Ville pieuse – comme l’indique son nom -, touristique, universitaire et carrefour historique du Kongo Central, Kisantu confirme sa vocation médicale. C’est dans cette cité connue pour l’Hôpital Saint Luc, pour l’implantation de l’Institut Supérieur des Techniques Médicales de Kisantu (ISTM) et pour avoir vu naître les premières initiatives académiques de l’Université Kongo, que la Première Ministre Judith Suminwa Tuluka a procédé à la pose de la première pierre des Cliniques universitaires de l’UK.
La cérémonie, organisée devant les membres du Gouvernement central, les autorités provinciales et une foule nombreuse composée d’étudiants, de notables, de chefs traditionnels et d’opérateurs économiques, a pris des allures d’événement historique.
Kisantu, déjà reconnue comme un pôle de formation et de soins, ambitionne désormais de de passer à une strate supérieure.
Une ville à forte tradition médicale
Depuis plusieurs décennies, Kisantu s’est imposée comme un centre de référence en matière de santé dans le Kongo Central. L’Hôpital Saint Luc, infrastructure emblématique fondée au début du XXe siècle par les missionnaires catholiques, a longtemps servi de pilier au système de soins local et de cadre de formation pratique pour de nombreux professionnels de santé, même ceux venant de la capitale Kinshasa.

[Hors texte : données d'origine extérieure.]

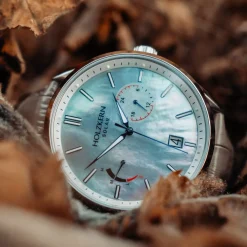 Holzkern Linguistic|Heren Horloges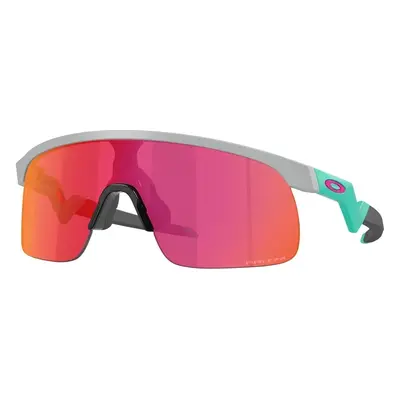 Oakley Resistor Resistor Matte Fog/Prizm Field Sportovní brýle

Il demeure aujourd’hui encore l’un des établissements hospitaliers les plus respectés de la région.
L’ISTM, de son côté, a contribué à former des générations de professionnels paramédicaux.
L’histoire retient aussi que la faculté de médecine de ce qui deviendra plus tard Lovanium a aussi commencé à Kisantu.

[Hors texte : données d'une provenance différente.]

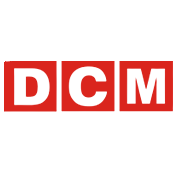 DCM Share Price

C’est également à Kisantu que l’Université Kongo a posé les bases de son développement académique avant d’étendre progressivement son rayonnement. La construction des cliniques universitaires apparaît ainsi comme une continuité logique de cette histoire médicale et scientifique.
Un hommage et un symbole
Les futures polycliniques porteront le nom de Judith Suminwa Tuluka, en hommage à la première femme Première Ministre de la RDC et première personnalité issue du Kongo Central à occuper cette fonction.

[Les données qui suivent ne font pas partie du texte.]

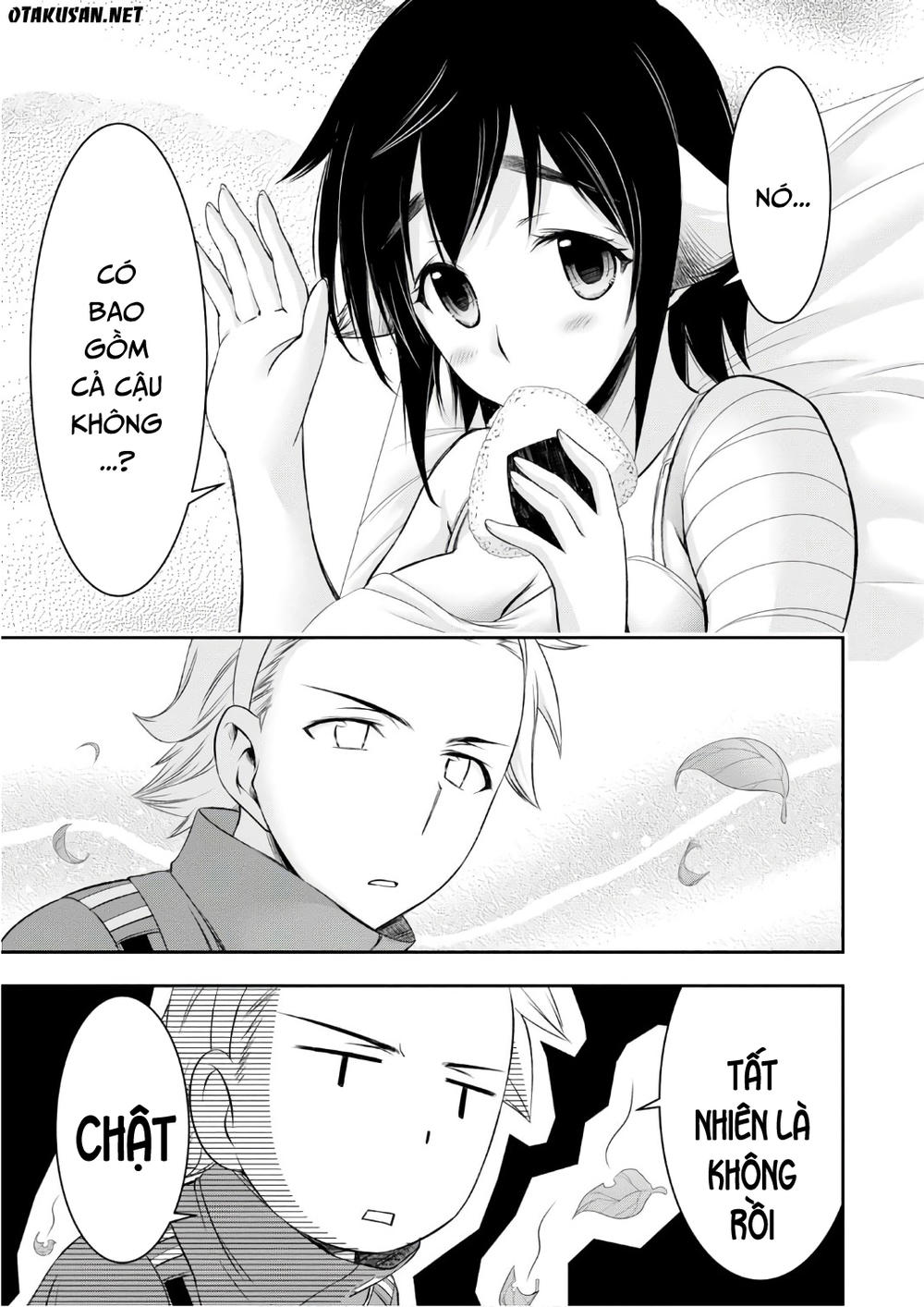 Đi Tìm Sát Tinh Vương Chapter 36 - 45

Le recteur de l’Université Kongo, le professeur Germain Kuna Maba Mambuku, a salué « un acte historique » qui dépasse la simple pose d’une pierre. Il y voit l’expression d’une vision structurante pour toute la République.
Le ministre de la Santé publique, Hygiène et Prévoyance sociale, Samuel Roger Kamba, a, quant à lui, parlé d’« acte fondateur », estimant que cette infrastructure participe à la refondation du système de santé national. Il a notamment souligné l’absence de structures d’urgence adaptées le long de cet axe routier accidentogène, plaidant pour une réponse qualitative à travers ce nouveau complexe hospitalier.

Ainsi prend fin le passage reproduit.